Alternatively, use `tf.parse` example to parse the whole batch at once. Apply this function to each item in the dataset using the `tf.data.Dataset.map` method

In [30]:
parsed_dataset = raw_dataset.map(_parse_function)
parsed_dataset

<MapDataset shapes: {feature0: (), feature1: (), feature2: (), feature3: ()}, types: {feature0: tf.int64, feature1: tf.int64, feature2: tf.string, feature3: tf.float32}>

**Use eager execution to display** the observations in the dataset. There are 10,000 observations in this dataset, but we will only display the first 10. The data is displayed as a dictionary of features.
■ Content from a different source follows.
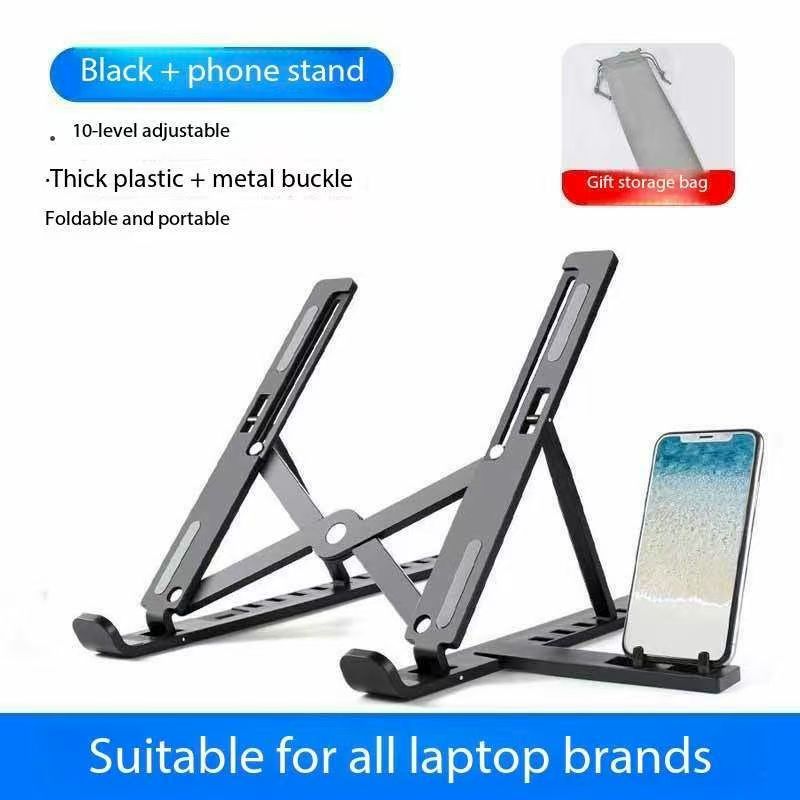 Portable Laptop Stand 10 Position Foldable ABS Notebook Stand Support Adjustable Laptop Holder for Macbook Computer Accessories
Each item is a `tf.Tensor`, and the numpy element of this tensor displays the value of the feature.

In [31]:
for parsed_record in parsed_dataset.take(10):
    print(repr(parsed_record))

{'feature0': <tf.Tensor: shape=(), dtype=int64, numpy=0>, 'feature1': <tf.Tensor: shape=(), dtype=int64, numpy=4>, 'feature2': <tf.Tensor: shape=(), dtype=string, numpy=b'goat'>, 'feature3': <tf.Tensor: shape=(), dtype=float32, numpy=0.021051098>}
{'feature0': <tf.Tensor: shape=(), dtype=int64, numpy=1>, 'feature1': <tf.Tensor: shape=(), dtype=int64, numpy=3>, 'feature2': <tf.Tensor: shape=(), dtype=string, numpy=b'horse'>, 'feature3': <tf.Tensor: shape=(), dtype=float32, numpy=0.8274902>}
{'feature0': <tf.Tensor: shape=(), dtype=int64, numpy=1>, 'feature1': <tf.Tensor: shape=(), dtype=int64, numpy=4>, 'feature2': <tf.Tensor: shape=(), dtype=string, numpy=b'goat'>, 'feature3': <tf.Tensor: shape=(), dtype=float32, numpy=-0.69820935>}
{'feature0': <tf.Tensor: shape=(), dtype=int64, numpy=1>, 'feature1': <tf.Tensor: shape=(), dtype=int64, numpy=3>, 'feature2': <tf.Tensor: shape=(), dtype=string, numpy=b'horse'>, 'feature3': <tf.Tensor: shape=(), dtype=float32, numpy=1.0760466>}
{'feature0

Here, the `tf.parse_example` function unpacks the `tf.Example` fields into standard tensors.